21 April 2019


University fees protests force closure of two NWU campuses


Nthusang Lefafa


23 September 2016

North West University (NWU) has closed its Mahikeng and Vaal Triangle campuses amid fresh anti-fees protests this week.

Monday's announcement by Minister of Higher Education and Training, Blade Nzimande, that institutions of higher learning were free to increase 2017 fees - as long as the increment does not go beyond 8% - saw university students starting protest action again. NWU Mahikeng and Vaal Triangle campuses were also affected, resulting in university management deciding to shut them down temporarily to restore calm.

In a statement on Thursday, the university blamed the escalation in protest action, sometimes violent, for its decision, saying that lessons at the Mahikeng Campus would resume after the short recess break on 10 October.

"We took the decision to close the campus because we could not guarantee the safety of both the management and the students," NWU Mahikeng campus spokesperson, Koos Degenaar, told Semphete.

"Staff will proceed with their duties and activities from outside the campus until informed otherwise, and academics were urged to continue their communication with students by providing their teaching and learning material on the eFundi platform. Students staying in residences were encouraged to leave the campus for their own safety," the university management said.

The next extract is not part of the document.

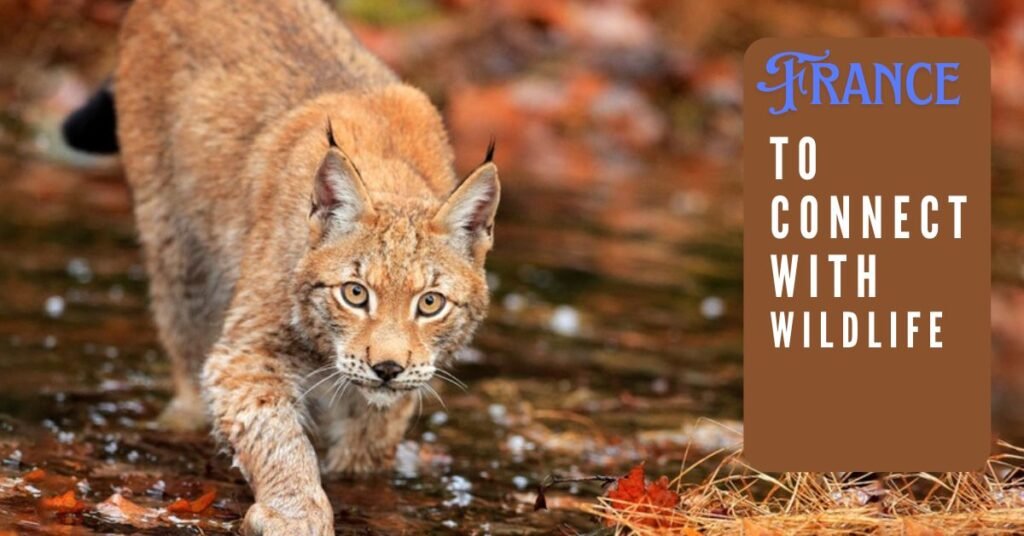 Nature and Wildlife of France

The Vaal Triangle Campus will re-open on 26 September and will then close again for the scheduled recess. All activities on the campus have been suspended for the period in question, but residences will remain open.

It's business as usual at the Potchefstroom Campus because no protest related incidents have been reported so far. While not mentioning any organization by name, university management has blamed the violent protests on "political agendas from certain student formations".

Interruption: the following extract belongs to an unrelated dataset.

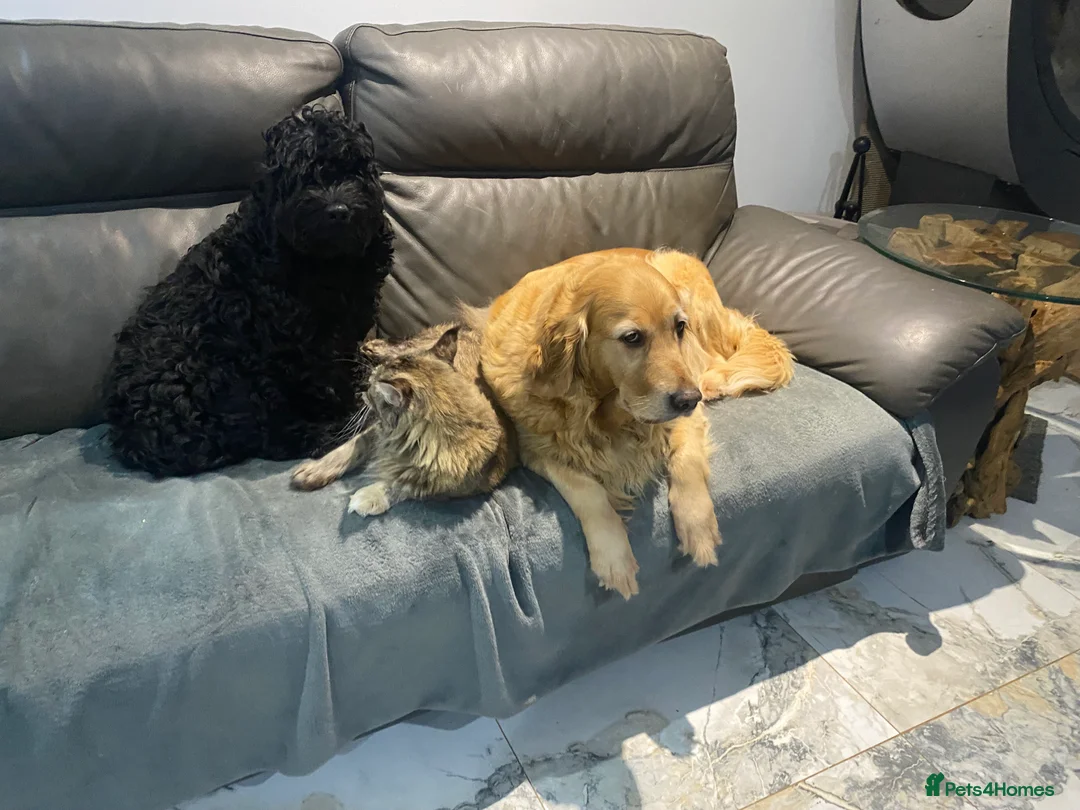 Cockapoo dogs for sale: ‼️ Attention Please ‼️ - Advert 14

Degenaar warned that if the protests continued even after the temporary closure, the campus might be forced to close for the rest of the year.

Apart from minor damages caused to security cameras at the main entrance, no other university property was damaged this week.

The university told Semphete it would continue to engage the Student Representative Council (SRC) with the hope that an amicable solution is found.

Disruptions at the Mahikeng campus began following a meeting among the students after Minister Nzimande's fee increment announcement.

"On Tuesday morning at about 10h00am the students called a mass meeting in the Great Hall on campus where it is assumed that they discussed the announcement by the Minister on the fee increase. After that they started to disrupt classes and also intimidated staff who were in their offices.

"A group of students also went to the main gate where they pushed a container belonging to a vendor into the middle of the road outside of campus and set it alight. The students then blocked entry into the campus and burnt tyres," Degenaar said.

Student leader, Rebaone Raymond Pudi, said several issues like outstanding fee balances, which give students problems when they want to register, were not addressed in Minister Nzimande's statement.

NWU Vice Chancellor, Professor Dan Kgwadi, said the management would meet the university council to discuss the way forward regarding fees increase.
"After the announcement made by minister of higher education, Dr Blade Nzimande, we are now in a position to go and finalise our budget proposal to council and take it from there," Kgwadi said.

But Mahikeng campus SRC said they would not accept any fee increment. SRC president for this campus, Dikago Pule, said: "We reject any talks of fees increment. We will never budge in our move and we are defiant. We will meet with our students and take it from there.
"Even though we embrace the need for education to achieve sustainability, only limited progress has been made on any level. This lack of progress stems from many sources. Lack of vision or awareness from both universities and government has impeded progress. We have many students who come from poor backgrounds and they continue to drop out of universities because of pricey education," Pule said.